I personally feel this uncertainty. I've spent the past 20 years developing my technical coding skills with the aim of building my own products. Where does someone like me, with my building skills, fit into this AI-powered future?

Today, I'm happy to report that my uncertainty has turned into excitement.

I'm not here to tell you where to invest your time, or what business you should or shouldn't build.

I'll only speak to what's piquing my interest in 2025: I see a few waves coming:

Wave #1: More (not less) people will learn to build tools.

As the build-your-own-tools era gets into full swing, more professionals will need to skill up on building tools. Building (actually useful) tools will still require a good amount of technical product chops to pull off.

The difference will be that you don't need to learn how to code by hand. Learning programming syntax and all the internal plumbing of applications becomes far less important than foundational architecture and product management skills.

Yesterday's workplaces were filled with people with intermediate to advanced spreadsheet skills. Tomorrow's workplaces will be filled with intermediate to advanced builder skills.

Wave #2: Technical builders will be in more (not less) demand.

This is where I think the "AI is coming for everyone's jobs!" people get it wrong.

The learning curve and generational turnover of the workforce will be very slow. Before every person and company has the in-house skills to build their own tools, there will be a huge wave of demand to hire people who can help build highly personalized tools.

It's not a new wave. Businesses have hired software firms to build custom internal software for decades. But that used to be only an enterprise thing.

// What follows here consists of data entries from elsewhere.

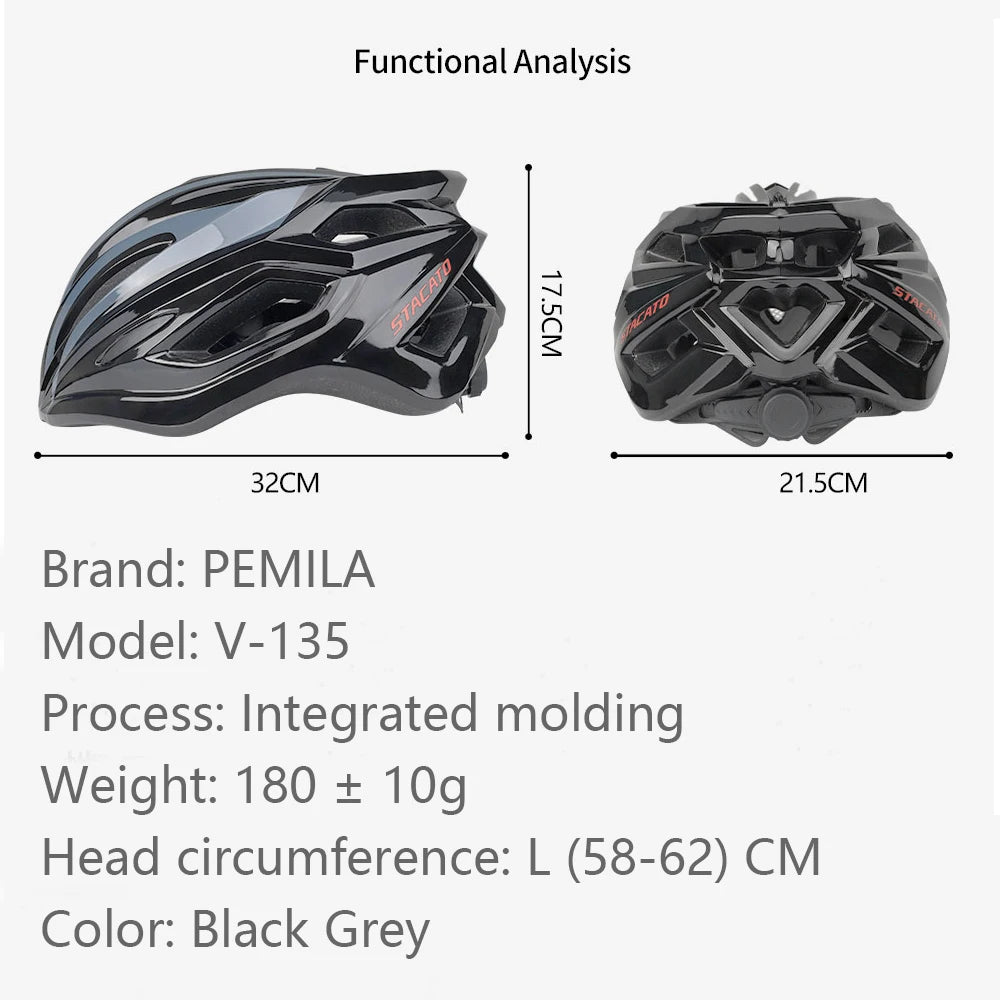 PEMILA New Ultralight Cycling Helmet Cycling Safety Cap Bicycle Helmet for Women Men Racing Bike Equipments MTB Bike Helmet 180g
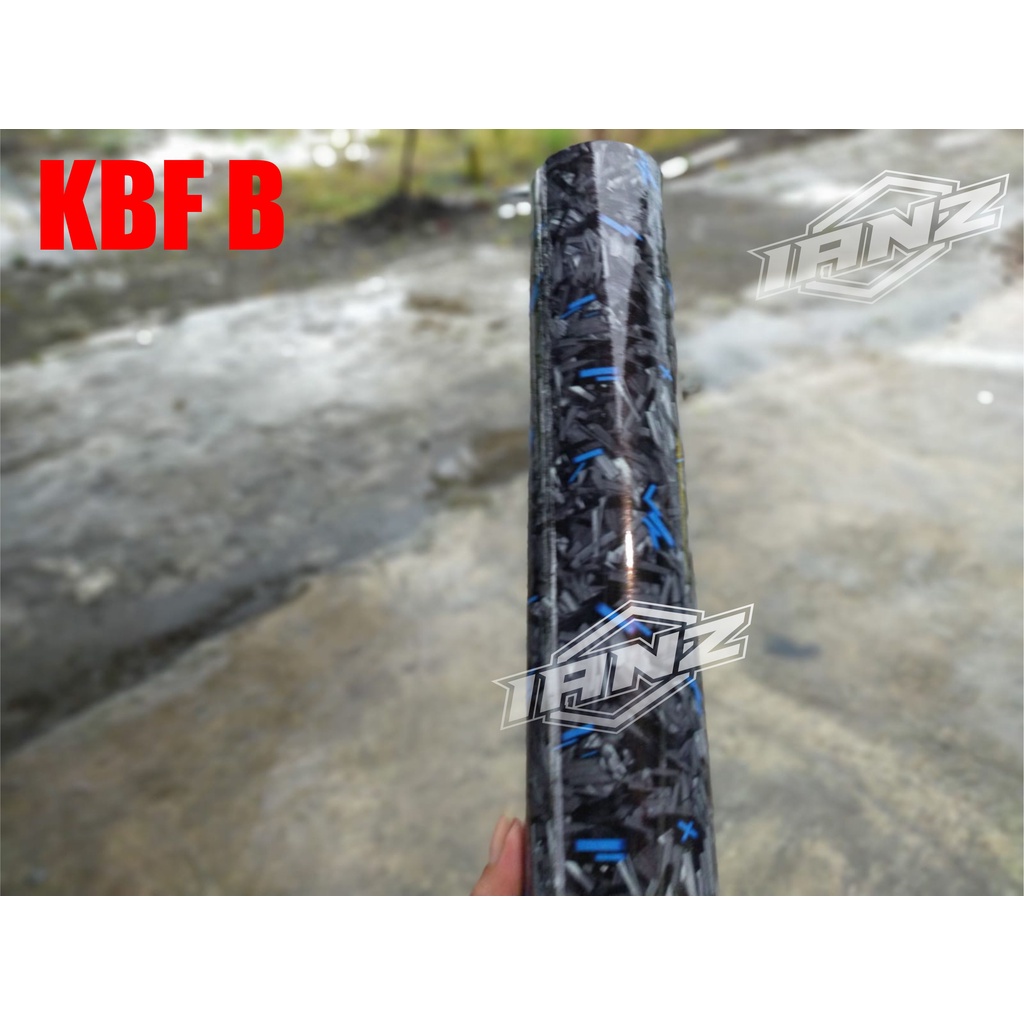 STICKER SETIKER MOTIF CARBON FORGET MERAH / SETIKER KARBON FORGET UNTUK MOTOR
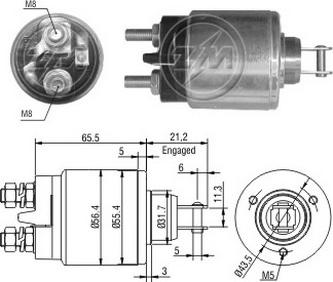 ERA ZM579 - Elettromagnete, Motore d'avviamento www.autoricambi360.it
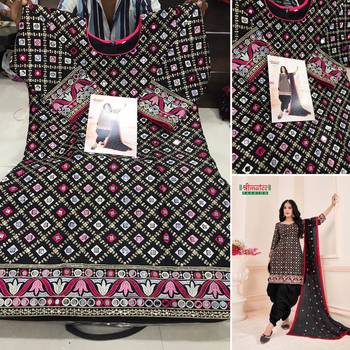 Black embroidered cotton silk salwar 2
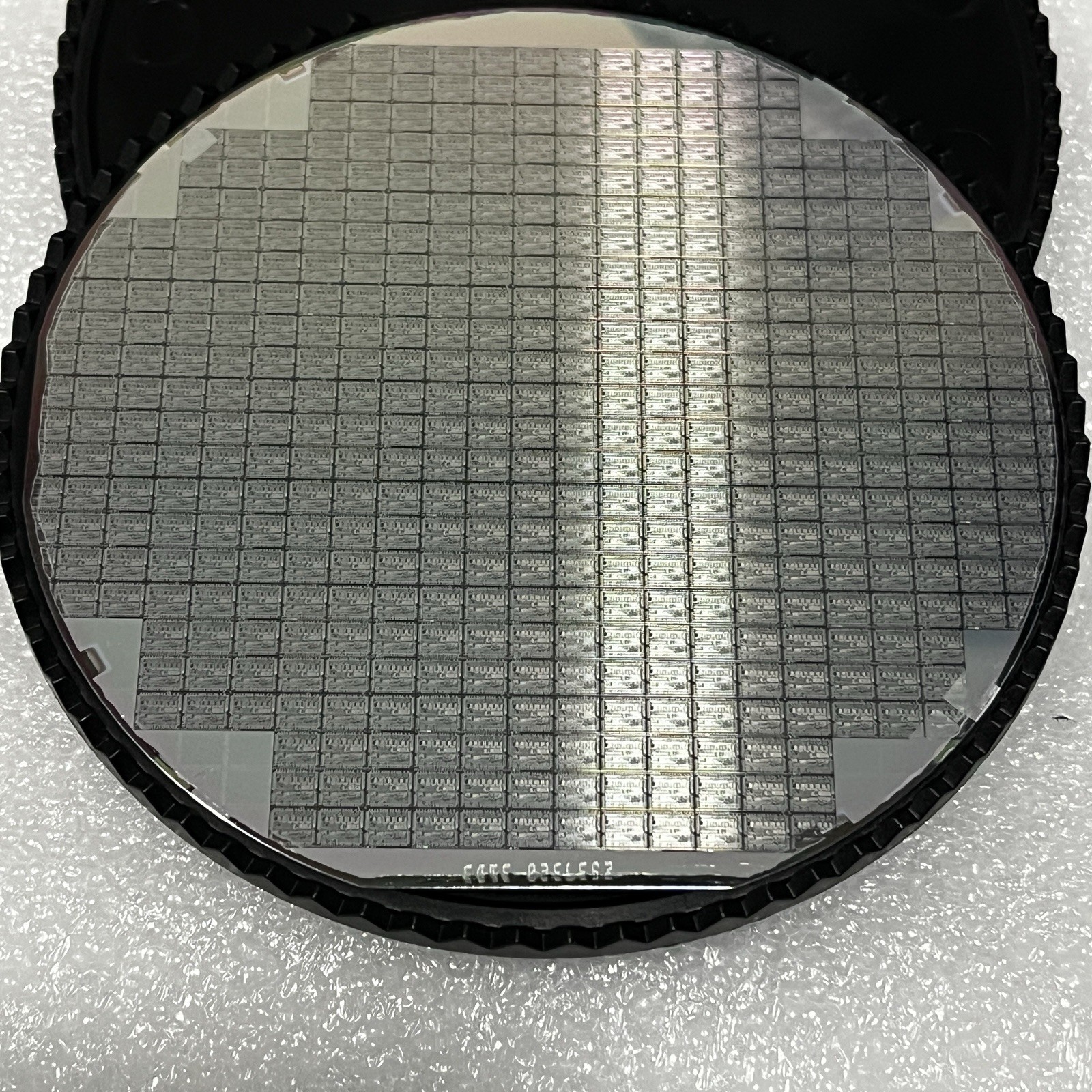 Vintage 4 Inch Silicon Wafer from STMicroelectronics w/ Branded Wafer Container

The wave will get (a lot) bigger as it comes to the masses. Small businesses, even individual professionals will hire their own personal assistant, freelancer, or boutique agency to help them build private, personalized tools.


Product-market-fit, in the traditional sense, will become even harder to achieve, particularly for smaller, bootstrapped product makers.

The companies that achieve the next wave of product-market-fit will be those that help more people achieve person-product-fit.